> Problem:
Reproduce exactly the line with "2018 GMC Acadia SLE-2" and every line that follows it below, up to and including the last one. Do not include pictures or anything else.

> Data:
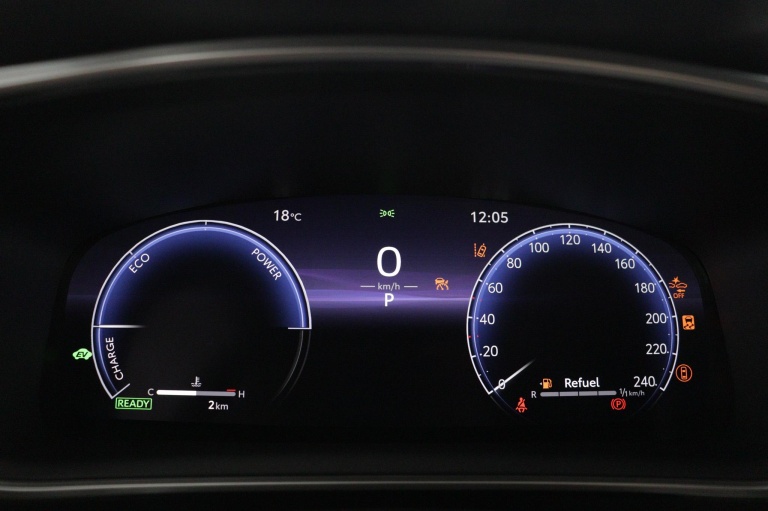 Toyota Corolla - Hybrid 140 Dynamic 13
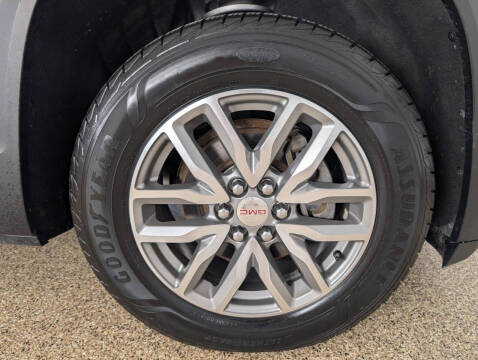 2018 GMC Acadia SLE-2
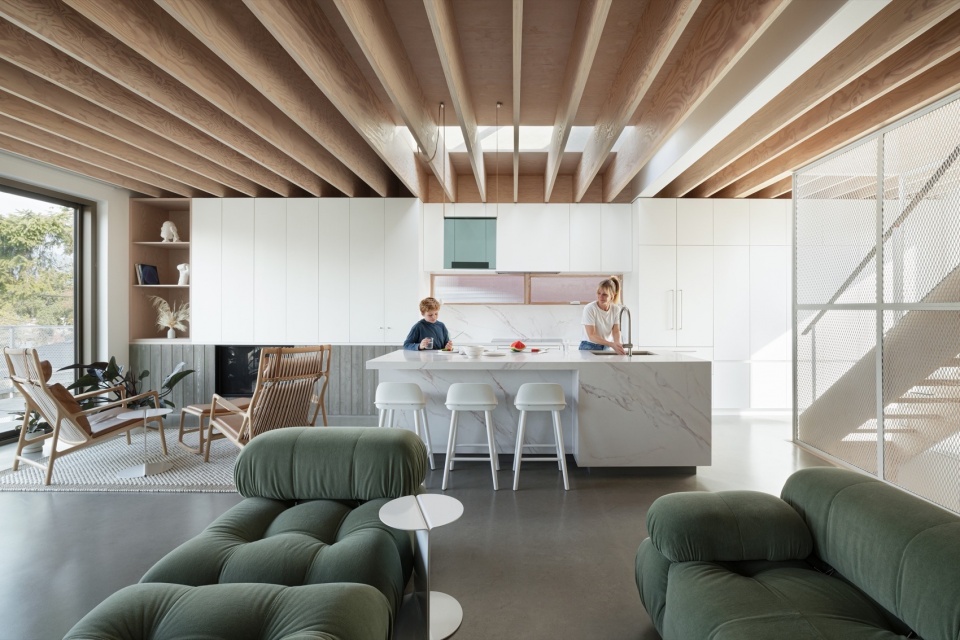 East Van Residence SM Studio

> Result of the exercise:
 2018 GMC Acadia SLE-2
 East Van Residence SM Studio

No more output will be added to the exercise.